Democratic Dishonesty: Manipulating Economic Data in Argentina
Shen, Maria, Harvard International Review
President Cristina Fernandez Kirchner has reason to be optimistic. The first female president of Argentina is very likely to be competing for re-election in October and die latest opinion polls show that she is significantly more popular than her political rivals. Although the President's popularity has taken dips in the past and her political career has seen its share of scandal, the government has been able to quickly recover its levels of popular approval. In 2009, President Kirchner achieved only slightly more than 30 percent approval in opinion polls; however, in a more recent Ipsos-Mora y Araujo poll, 65 percent of those interviewed described the presidential image as "good," or even "very good."
This image turnaround did not occur without considerable effort and care to ensure the constant flow of uplifting news in the country. After Kirchner took power in 2007, Argentina has faced increasing problems with the believability of information disseminated to the public. This economic stronghold of Latin America--ranked third largest economy in South America--may have improved its markets, but threats of inflation still exist and may be exacerbated by a government that disguises economic realities behind the rosier images it presents the public.
Inflation in Argentina has slowed to ten percent, reports Indec, the government-controlled statistics office. Contrary to the official number, however, private-sector economists estimate that inflation has shot up to 25 percent. Independent estimates of poverty at 30 percent are also well above the official 12 percent estimate. Ever since former President Nestor Kirchner dismissed several Indec statisticians and replaced them with political appointees in early 2007, the office has been accused of fabricating economic reports. The former president of the central bank, Martin Redrado, has also accused the government of manipulating data from die statistics agency. Doubts about the validity of Indec's calculations of the consumer price index have caught the attention of international organizations.
The government insists that price increases, such as the 40 percent rise in food-prices since the beginning of 2011, are normal in a booming economy that had grown 9.1 percent in 2010. Argentina has long dealt with problems of inflation.

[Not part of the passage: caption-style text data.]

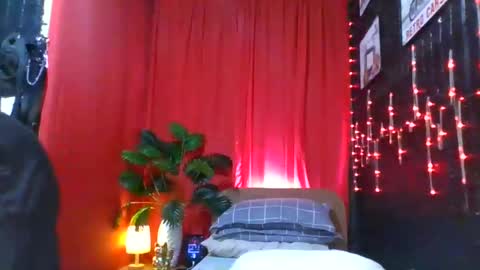 Snapshot of jherry26 chatting on 01.17.26 jherry26 online show from 01.17.26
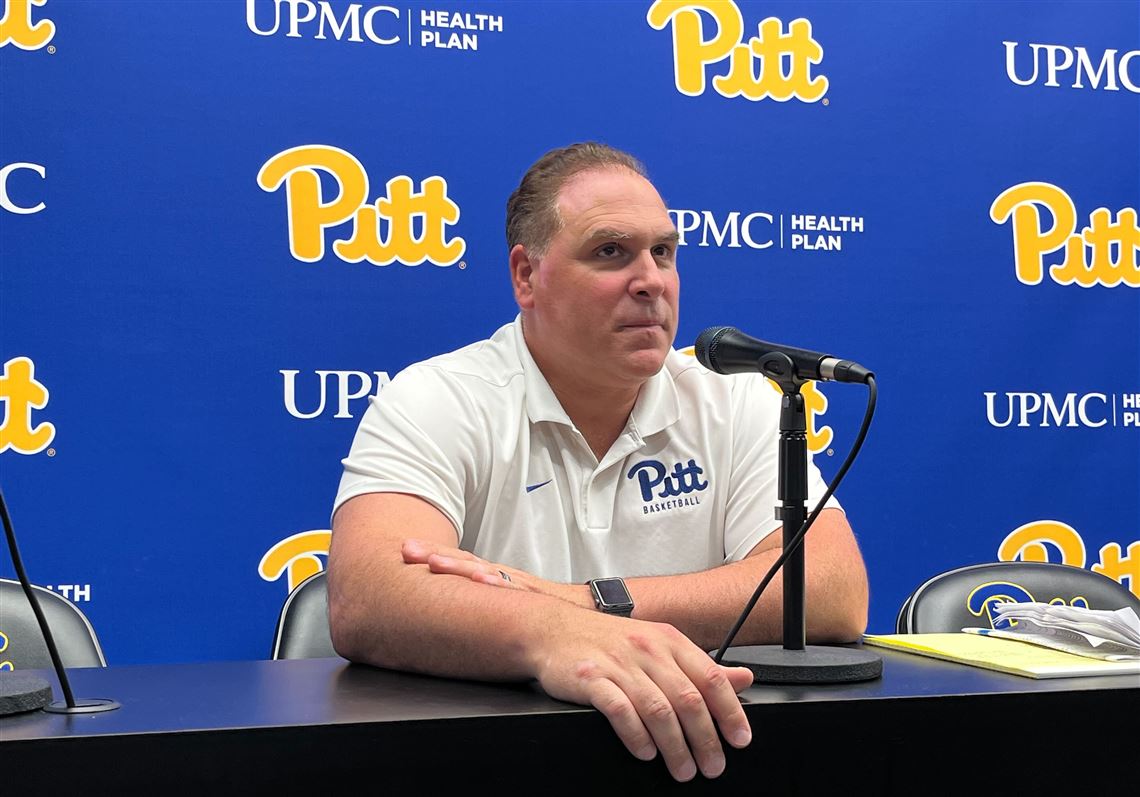 Pitt Women's Basketball Coach: A Comprehensive Guide to Excellence in Coaching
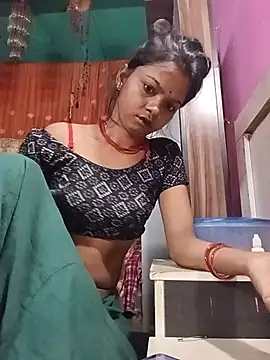 Snapshot of Cut_ikina chatting on July 2026 10:52:01 PM Cut ikina online show from July 2026 10:52:01 PM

Argentina's hyperinflation from 1975 to 1991 sometimes caused storeowners to adjust their prices at an hourly basis. Today, a return to hyperinflation seems unlikely. Nevertheless, the government is cautious when handling issues of inflation, even taking care to step around the word with phrases such as "price dispersion."
Despite the booming economy, there are still fears of inflation as the central bank increases money supply. Indec's unreliability has only made things worse. Though Argentina may be Latin America's third largest economy, it is only sixth in the region for foreign direct investment. In addition, economists say that the government has worsened inflation by providing unreliable economic data; suppliers and producers operate on their own perceptions of inflation and raise prices "seemingly at will," according to the New York Times. …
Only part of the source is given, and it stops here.